How Much House Can I Afford?
Wondering “How much house can I afford?” You’re not alone. Buying a home is likely the largest financial investment you’ll make. You want to find a great spot that you can comfortably grow into and enjoy for years to come, but you also don’t want to end up spending more than you can comfortably afford to pay.
Making such a big financial move can feel daunting, but it doesn’t have to be. This simple guide can help you determine your home affordability.
How Much House Can I Afford?
There’s a lot more to home affordability than the asking price on your dream home. Before you make an offer, you want to consider if you can comfortably afford the overall price of the home and make monthly mortgage payments.
Home Affordability Calculator
Before you start home shopping, it is a good idea to get a sense of your overall price range so you can feel comfortable knowing you aren’t taking on a home—or a mortgage—that will leave you cash strapped. Here’s what to consider:
Calculate your post-tax income—as well as any income from your co-borrower.
Total Monthly Debts
Calculate all of your monthly financial obligations outside of your mortgage payment. Most experts recommend your debt-to-income ratio, calculated by dividing the sum of your debts by your gross monthly income, not exceed 36%. Your DTI should include your debts, expenses, and potential mortgage payment.
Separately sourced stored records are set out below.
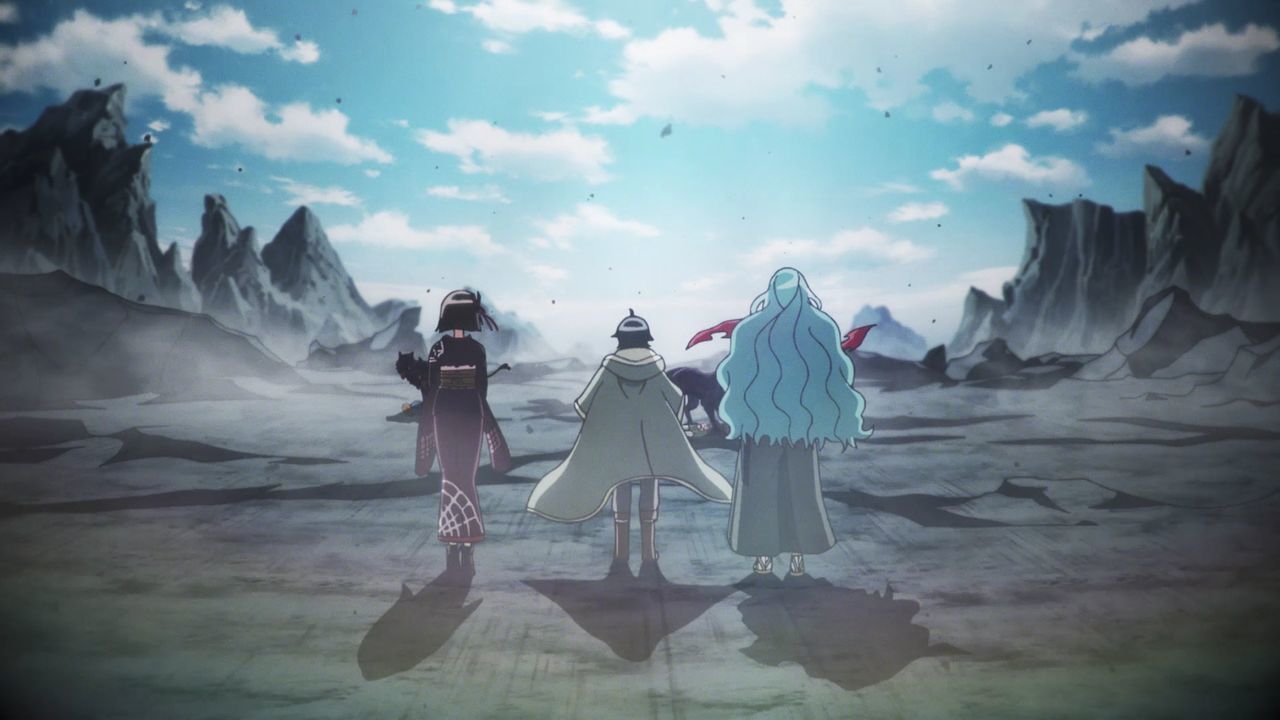 Tsukimichi Moonlit Fantasy Wallpapers - Wallpaper Cave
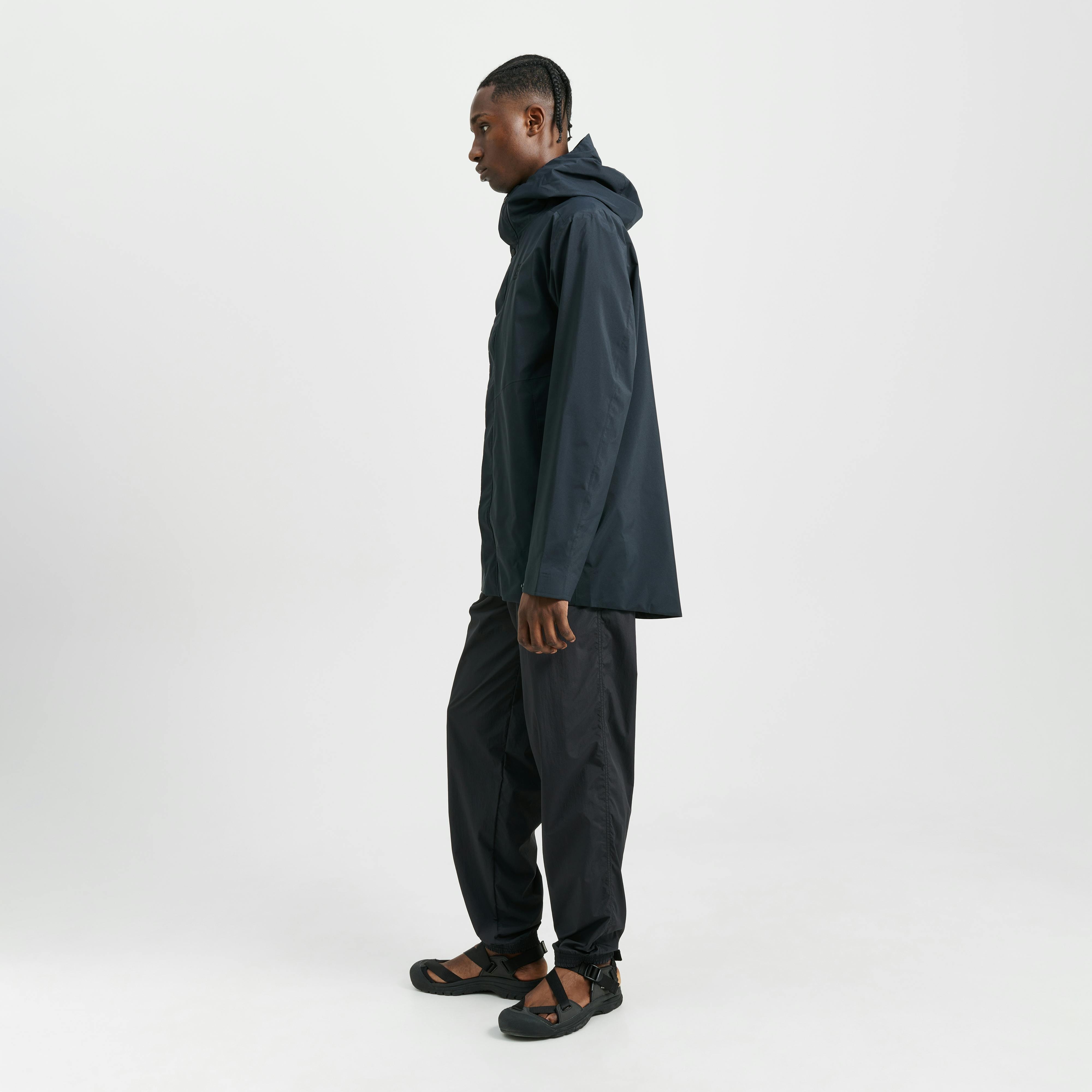 Viðey GORE-TEX® 2L jacket - 5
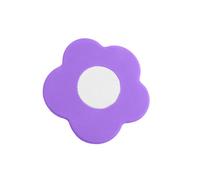 ¡25% DTO! Espejo Bolsillo Flor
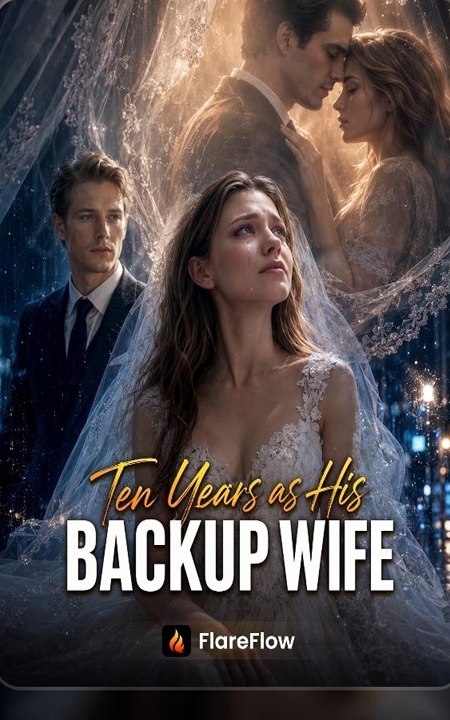 ten years as his backup wife #engsubtitle #fullmovie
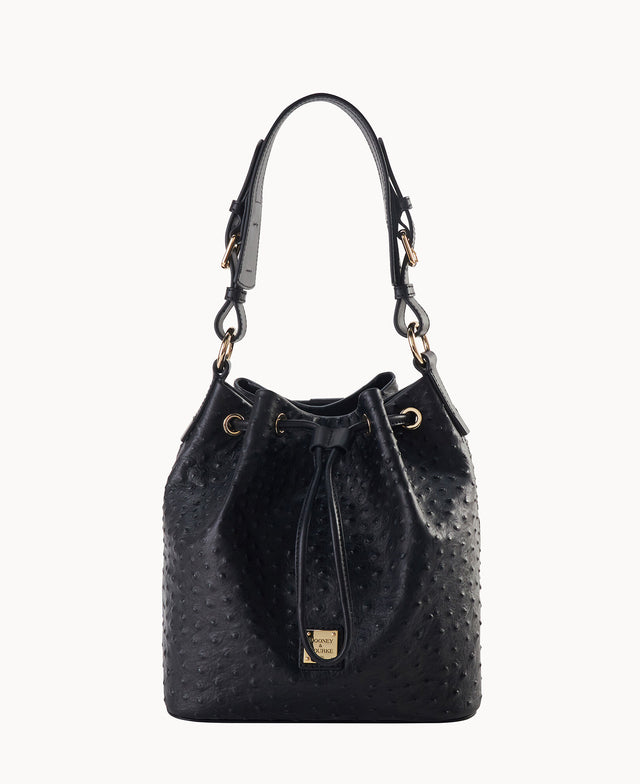 Ostrich Drawstring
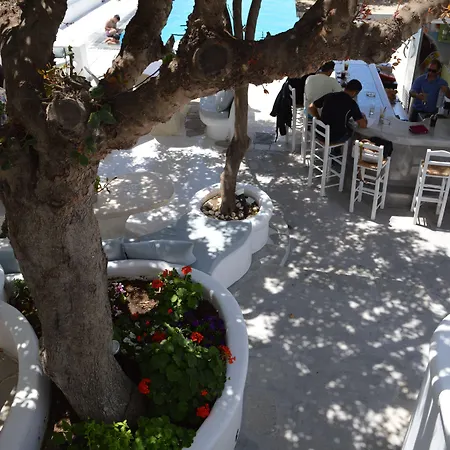 Flaskos Luxury Agios Stefanos (Mykonos)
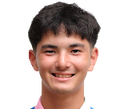 Kazuma Kato-Stafford
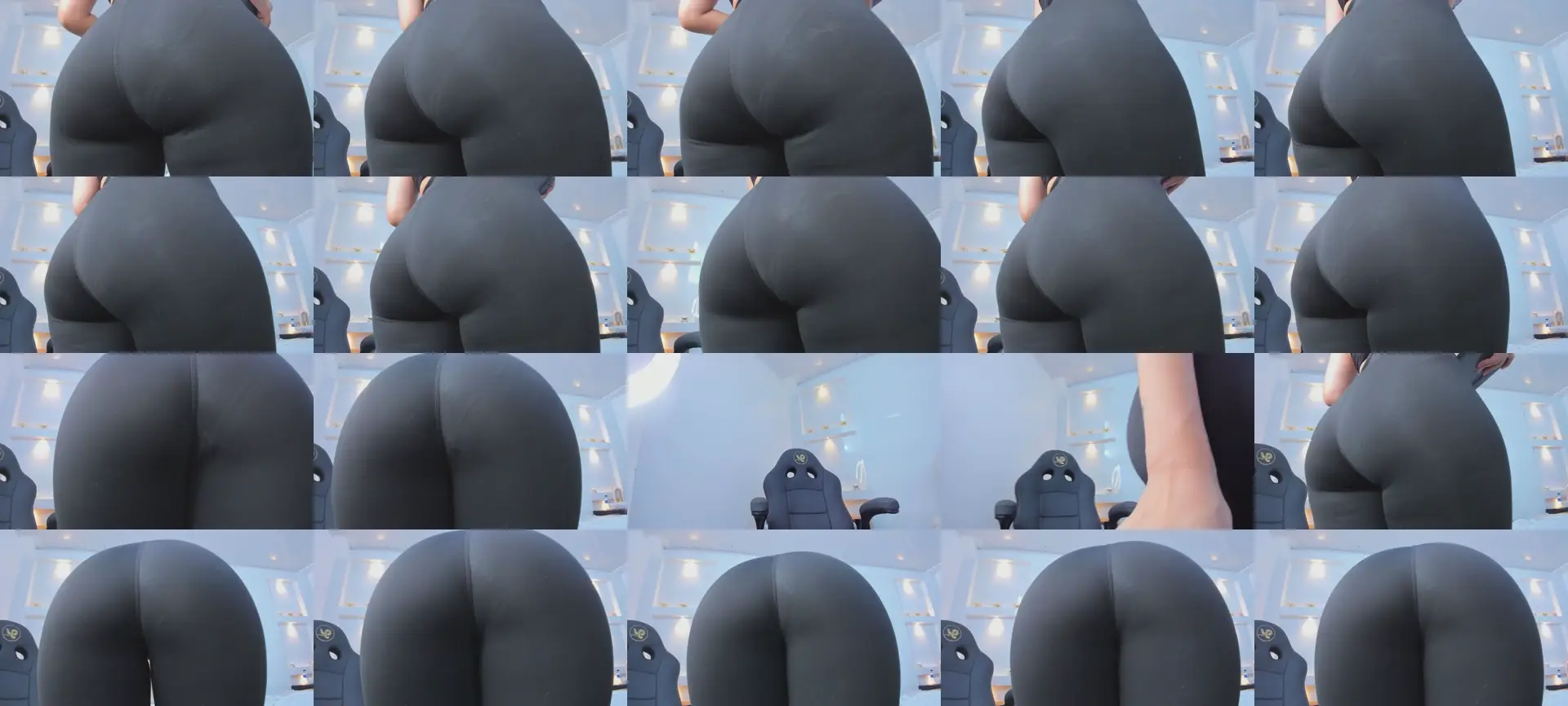 Dalia_Prada photo contact sheet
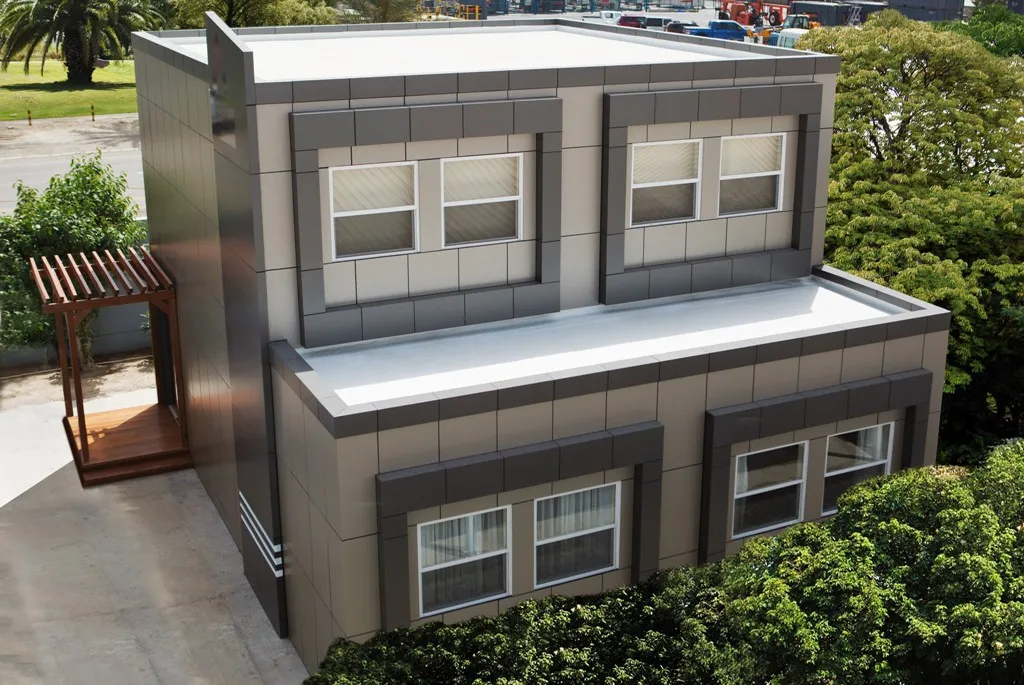 بناء وحدات متعددة المستويات-banner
How much do you have saved to put toward a down payment? While you can get a conventional loan for as low as 3% down, most experts recommend aiming for 20% down. The more you can pay upfront for a home, the less you’ll pay overtime.
Closing costs range from 2 to 5% of the total price of the home, paid upfront.
Figuring it all out can feel overwhelming. Thankfully, a home affordability calculator can do the work for you.
Mortgage Affordability Calculator
Beyond knowing what home you can afford, you’ll also want to make sure you can comfortably afford the monthly mortgage payment without sacrificing your lifestyle. Mortgage payments typically include much of the monthly cost of homeownership such as payments toward your principle and interest, insurance costs, and property taxes. Here’s what to consider:
The estimated price of your home, taken from your own calculations or a home affordability calculator.
How much you can afford to put down will lower the overall cost of your mortgage.
Many buyers opt for a 30-year loan, but you can get a shorter loan term. Your mortgage will be spread over your loan term.
Interest rates change daily. Many mortgage affordability calculators calculate current rates for you. You can also pre-qualify for a mortgage to see what rate you might be eligible for without impacting your credit score.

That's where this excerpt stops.